JAKARTA, Sinarpagibaru.com – Sebagai penanggung jawab bidang tata kelola publik dalam aksesi Indonesia ke Organisation for Economic Cooperation and Development (OECD), berbagai upaya dilakukan oleh Kementerian Pendayagunaan Aparatur Negara dan Reformasi Birokrasi (PANRB) dalam mencapai target aksesi. Salah satu langkah konkret tersebut dilakukan dengan belajar praktik terbaik dari Australia terkait penguatan tata kelola pemerintahan dan pelayanan publik.

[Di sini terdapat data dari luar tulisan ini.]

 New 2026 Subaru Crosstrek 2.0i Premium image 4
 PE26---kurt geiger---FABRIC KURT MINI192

Untuk diketahui Australia merupakan salah satu anggota penuh OECD sejak tahun 1971. Deputi Bidang Reformasi Birokrasi, Akuntabilitas Aparatur, dan Pengawasan Kementerian PANRB Erwan Agus Purwanto menyampaikan saat ini Indonesia telah memasuki tahap III dalam rencana penyampaian dokumen Initial Memorandum. Tahap ini fokusnya tidak hanya pada penyiapan dokumen, tetapi juga memperkuat transformasi tata kelola pemerintahan.

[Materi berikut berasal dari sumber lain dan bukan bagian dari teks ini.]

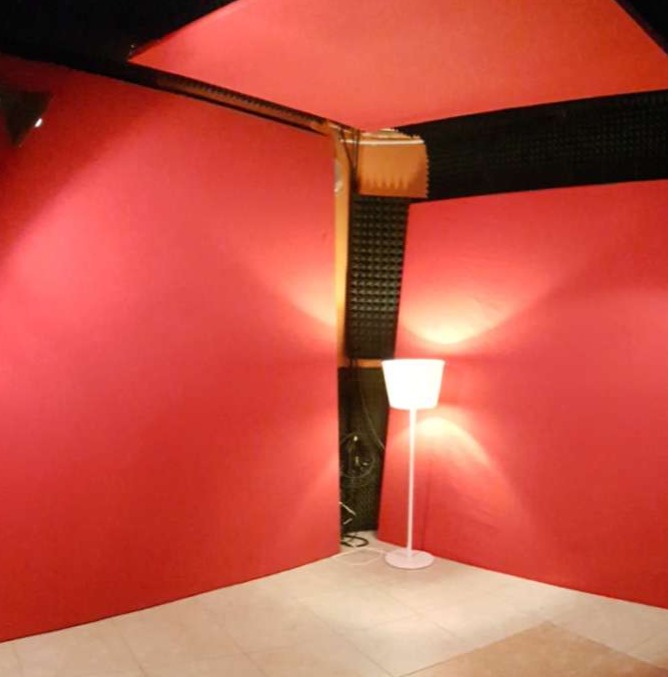 Studionost di Matteo Nolli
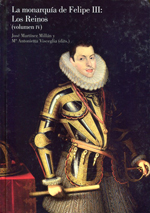 La Monarquía de Felipe III (Volumen III y IV)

Dikatakan, transformasi ini mencakup berbagai aspek penting, antara lain regulasi anti-korupsi, transparansi dan akuntabilitas pemerintahan, tata kelola dan integrasi data statistik, regulasi dan tata kelola sektor swasta, serta perlindungan konsumen. “Untuk mewujudkan transformasi tata kelola secara komprehensif dan efektif, reformasi administrasi publik harus diterapkan secara optimal. Hal ini mencakup peningkatan kualitas layanan publik yang berkelanjutan dan berbasis kebutuhan masyarakat,” ujarnya dalam Workshop Capacity Building Modernisation Public Administration and Service Delivery, di Jakarta, Rabu (19/03/2025).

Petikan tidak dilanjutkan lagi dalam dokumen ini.